Financing your education ultimately comes down to one thing: it’s a significant investment—but one that’s absolutely worth it.

Finishing your degree, especially if it’s been years since you’ve been enrolled, will come with its challenges not only from an academic perspective but also in terms of the time and financial investment that’s required. However, in the right situation with the right support system, you can get across the finish line and earn your degree with pride.

If you’re thinking about returning to school and have questions about how you’re going to finance your degree, then you’ve come to the right place. There are a number of scholarships, grants, tax credits, and other forms of financial aid available for students like you.

Keep reading to get the insight you need to afford going back to school!

Submit the Free Application for Federal Financial Aid (FAFSA)

FAFSA

If you’re returning to school and looking for scholarships, grants, and other financial aid to help reduce the cost, then FAFSA is the place to start. The Free Application for Federal Financial Aid is the universal entryway for many federal grants and scholarship opportunities and will be the place where you’ll find ways to finance your degree.

The basic requirements for being eligible to receive financial aid through FAFSA are that you must be a US citizen who’s enrolled in an accredited institution and has a financial need for tuition assistance. Read the full list of FAFSA application requirements here.

Southern’s FAFSA code is 003518. If you add the code when submitting your form, your submission will automatically be sent to Southern and you can qualify for financial aid for our Adult Degree Completion program.

Must-Read Blog Post: 3 Tips for Financing Your Adult Degree Program

Applying for the Federal Pell Grant

Through the FAFSA application, you’ll see federal grants and scholarships for which you may be qualified, including the Federal Pell Grant.

Federal Pell Grants are typically awarded to students who display exceptional financial need and have not yet earned their college degrees. Grants like these usually don’t have to be repaid, though there are exceptions to the rule.

The amount granted to each student varies by enrollment year (e.g. juniors are usually eligible for more than freshmen). It will also depend on variables like your expected family contribution (EFC), the cost of attendance at your program, whether you’re enrolled full- or part-time, and the length of your term. The maximum amount for the 2021-22 academic year is $6,495.

If you meet the requirements, the Pell Grant can be a welcome financial relief program and one you should absolutely consider.

Apply for the Federal Pell Grant.

Apply for Scholarships for Nontraditional Students

One of the benefits of being a working adult who’s returning to school is that there are several financial aid programs specifically designed for returning students like you. 

That’s where the term “nontraditional students” comes from—which, in this case, typically skews to an older student audience who started school but has not yet earned their degree.

University and government programs both understand the unique challenges that nontraditional students will face as well as the importance of helping people finish their degrees.
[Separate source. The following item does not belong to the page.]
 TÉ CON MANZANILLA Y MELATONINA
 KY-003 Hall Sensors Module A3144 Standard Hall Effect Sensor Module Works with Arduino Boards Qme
If this sounds like you, then you may be eligible for scholarships for nontraditional students.

The Tennessee Hope Scholarship – Nontraditional

For nontraditional students in Tennessee, the Tennessee Hope Scholarship – Nontraditional is one that we recommend looking into. 

This scholarship is awarded to Tennessee residents who are 25 or older and have not been enrolled in any college for at least two years from the date of last enrollment. So, if you left college more than two years ago and have since moved into your career or other life priorities, you could be eligible for this scholarship. Read the full list of requirements.

The amount of money granted will depend on whether you’re attending a four-year or two-year institution and what academic year you’re in. For four-year institutions and two-year institutions with on-campus housing, you can receive up to $1,750 per full-time enrollment semester as a freshman and sophomore. As a junior or senior, that number jumps up to $2,250.

For more nontraditional scholarships for adults like you who are returning to school, visit collegescholarships.org.

Class full of adult college students

Take Advantage of Tax Breaks for College Students

In addition to scholarships, grants, and other financial aid, you should be taking advantage of tax breaks for college students and their families that offer significant financial incentives.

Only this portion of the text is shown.